Maggie The Elephant: Where Is She Now?
It is called one of the most intricate animal relocation missions to ever take place in the United States also referred to as the Alaska version of "Operation Dumbo Drop".
It happened back in November of 2007 when Maggie the elephant was transported from the Alaska Zoo to the Performing Animal Welfare Society Wildlife Sanctuary in San Andreas, California.
After the death of the zoo's other elephant, Annabelle, Maggie's emotional and physical health started to decline. Animal advocacy groups rallied to have her moved to the PAWS sanctuary where
she could be around other elephants in a warmer, more conducive climate.
Game show host and animal advocate, Bob Barker, picked up the tab for the complicated arrangements which included Elmendorf Air Force Base and Travis Air Force Base in California. It took a large military cargo plane, a C-17, to make the move possible.
" I mean I still talk about how professional they were and how caring they were about Maggie", says PAWS co-founder and president Ed Stewart. He added " it was like there were about twenty ninjas. Anything that needed to be done was done quietly and respectfully ".
Nine years after the big move, we checked in on Maggie as part of our series "Where Are They Now?" More importantly we find out "How Is She Now?"
We checked on her during a reunion of sorts with Alaska Zoo Director Patrick Lampi who was visiting Maggie for the first time in three years and says he realizes more than ever she's where she should be.
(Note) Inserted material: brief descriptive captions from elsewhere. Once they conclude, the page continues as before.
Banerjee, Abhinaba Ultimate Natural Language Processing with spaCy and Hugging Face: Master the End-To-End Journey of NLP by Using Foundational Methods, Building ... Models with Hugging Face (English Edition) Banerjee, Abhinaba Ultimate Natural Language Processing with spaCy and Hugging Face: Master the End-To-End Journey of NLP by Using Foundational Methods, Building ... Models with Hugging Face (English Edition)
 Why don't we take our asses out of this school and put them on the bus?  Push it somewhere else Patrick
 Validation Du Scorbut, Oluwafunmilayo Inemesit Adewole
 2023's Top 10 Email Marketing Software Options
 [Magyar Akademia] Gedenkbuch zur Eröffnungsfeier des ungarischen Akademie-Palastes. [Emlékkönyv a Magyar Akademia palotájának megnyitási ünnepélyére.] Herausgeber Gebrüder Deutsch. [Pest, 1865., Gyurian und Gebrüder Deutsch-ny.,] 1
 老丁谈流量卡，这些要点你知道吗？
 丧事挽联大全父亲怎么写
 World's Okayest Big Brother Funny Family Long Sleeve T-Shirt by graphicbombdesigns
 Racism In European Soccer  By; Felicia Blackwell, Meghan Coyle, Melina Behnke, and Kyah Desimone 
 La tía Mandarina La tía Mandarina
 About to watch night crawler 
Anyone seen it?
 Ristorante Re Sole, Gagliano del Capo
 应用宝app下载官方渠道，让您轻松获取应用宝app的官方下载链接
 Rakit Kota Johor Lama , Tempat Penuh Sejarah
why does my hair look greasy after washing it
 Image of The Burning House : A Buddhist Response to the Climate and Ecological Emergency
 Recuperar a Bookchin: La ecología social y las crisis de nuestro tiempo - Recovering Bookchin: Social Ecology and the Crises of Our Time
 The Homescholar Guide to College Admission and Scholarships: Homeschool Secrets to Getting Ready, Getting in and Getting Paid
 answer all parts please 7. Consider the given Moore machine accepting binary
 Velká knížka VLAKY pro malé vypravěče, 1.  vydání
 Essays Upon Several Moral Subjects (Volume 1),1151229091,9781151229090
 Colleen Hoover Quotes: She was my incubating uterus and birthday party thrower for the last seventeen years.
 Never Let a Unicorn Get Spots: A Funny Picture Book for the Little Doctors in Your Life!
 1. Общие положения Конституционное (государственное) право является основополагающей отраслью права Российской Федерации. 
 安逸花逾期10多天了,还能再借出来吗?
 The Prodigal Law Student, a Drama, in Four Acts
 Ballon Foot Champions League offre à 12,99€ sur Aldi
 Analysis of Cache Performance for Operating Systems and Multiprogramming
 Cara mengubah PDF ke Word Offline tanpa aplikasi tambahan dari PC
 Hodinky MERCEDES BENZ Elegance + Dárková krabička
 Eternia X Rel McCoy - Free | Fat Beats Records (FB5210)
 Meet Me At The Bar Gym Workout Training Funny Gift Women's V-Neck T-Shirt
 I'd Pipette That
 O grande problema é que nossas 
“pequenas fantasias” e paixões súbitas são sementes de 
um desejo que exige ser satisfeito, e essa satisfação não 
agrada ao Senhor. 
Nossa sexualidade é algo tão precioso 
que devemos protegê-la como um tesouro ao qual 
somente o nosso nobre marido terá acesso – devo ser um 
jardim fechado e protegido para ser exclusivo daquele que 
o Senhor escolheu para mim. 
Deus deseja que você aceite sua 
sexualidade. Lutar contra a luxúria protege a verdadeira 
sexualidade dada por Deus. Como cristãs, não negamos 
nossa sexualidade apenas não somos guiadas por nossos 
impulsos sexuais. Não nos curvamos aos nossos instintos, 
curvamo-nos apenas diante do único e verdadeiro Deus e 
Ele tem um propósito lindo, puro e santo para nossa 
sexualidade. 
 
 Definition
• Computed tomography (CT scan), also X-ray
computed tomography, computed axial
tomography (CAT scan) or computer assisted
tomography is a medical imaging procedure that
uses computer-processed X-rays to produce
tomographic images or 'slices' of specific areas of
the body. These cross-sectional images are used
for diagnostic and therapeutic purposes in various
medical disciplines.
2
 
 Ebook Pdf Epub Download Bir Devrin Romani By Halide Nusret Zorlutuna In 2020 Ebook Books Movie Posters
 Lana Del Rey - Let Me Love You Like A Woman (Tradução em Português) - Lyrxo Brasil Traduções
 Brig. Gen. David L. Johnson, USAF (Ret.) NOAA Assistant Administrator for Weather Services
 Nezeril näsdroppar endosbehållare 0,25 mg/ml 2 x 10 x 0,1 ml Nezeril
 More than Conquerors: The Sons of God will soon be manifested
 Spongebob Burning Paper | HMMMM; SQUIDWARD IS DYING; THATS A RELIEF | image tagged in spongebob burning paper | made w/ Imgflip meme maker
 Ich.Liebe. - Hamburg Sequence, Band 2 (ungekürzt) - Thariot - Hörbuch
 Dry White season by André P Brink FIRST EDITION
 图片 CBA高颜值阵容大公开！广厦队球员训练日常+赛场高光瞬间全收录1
"It was the right thing to do. It just took some time to convince some people it was the best for her health and her long term interests", says Lampi.
It's said elephants have a keen memory, but Lampi says "I didn't see anything that made me believe she recognized me or she didn't care". He adds, "but then again it's not about me she's being an elephant and that's what she should be."
While Alaskans still think of her as "our Maggie" so many others now feel that connection including the military team that made her move possible.
"It was funny about three years after Maggie was here, on November 2nd, the day that we moved her, a C-17 from Travis flew right over the top of this mountain and right over the top of Maggie", says Stewart who adds, "I'm sure it was a fly-by to let them know they hadn't forgotten either."